Time elapses slowly as Ben delivers goods to individuals and small businesses in the vast desert along 117. Ben has relationships with his isolated customers bound by individual rules of privacy learned over time. One of the toughest set of rules is enforced by a 79 year old customer Walt Butterfield, owner of the Desert Diner on US 191. Walt keeps the diner in perfect condition inside and out but does not discuss with Ben why it is never open for business.
This is a great start for a novel, and I looked forward to each chapter. Then, everything changes when Ben’s schedule is interrupted by unexpected events that break the rules of solitude. Changes are the life blood of a novel of character solitude, and nothing lasts forever but the peaceful/violent desert in this novel.

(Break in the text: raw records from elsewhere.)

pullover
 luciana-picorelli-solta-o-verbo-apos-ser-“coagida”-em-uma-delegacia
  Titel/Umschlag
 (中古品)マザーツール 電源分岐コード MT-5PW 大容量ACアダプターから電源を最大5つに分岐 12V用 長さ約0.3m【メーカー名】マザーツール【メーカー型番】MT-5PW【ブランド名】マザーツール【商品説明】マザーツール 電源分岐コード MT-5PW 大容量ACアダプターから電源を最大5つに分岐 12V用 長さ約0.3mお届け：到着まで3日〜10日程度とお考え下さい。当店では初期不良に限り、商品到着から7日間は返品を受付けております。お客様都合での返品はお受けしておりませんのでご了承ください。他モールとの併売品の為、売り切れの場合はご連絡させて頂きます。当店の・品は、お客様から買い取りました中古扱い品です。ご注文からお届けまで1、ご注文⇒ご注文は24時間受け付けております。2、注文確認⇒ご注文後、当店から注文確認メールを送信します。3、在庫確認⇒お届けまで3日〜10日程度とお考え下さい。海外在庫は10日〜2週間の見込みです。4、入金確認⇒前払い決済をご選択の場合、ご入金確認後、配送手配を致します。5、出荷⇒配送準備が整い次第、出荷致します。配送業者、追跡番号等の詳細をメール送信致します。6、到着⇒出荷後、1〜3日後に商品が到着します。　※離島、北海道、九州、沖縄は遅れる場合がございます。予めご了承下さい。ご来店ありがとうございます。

The problem with Anderson’s novel is the relationship and dialogue between Ben and a character new to the desert. It is interesting at the first encounter, but become far too fast-paced, artificially intimate, and symbolic to be believable or consistent with the theme of solitude. Ben and the new resident of the desert off State Road 117 begin to converse in code revealing that they are sudden soul mates existing in a higher plane of empathetic consciousness. After this break in the flow of the novel, there were interesting exciting scenes and good character development, but my keen interest in the story waned. I recommend the novel with my reservations noted.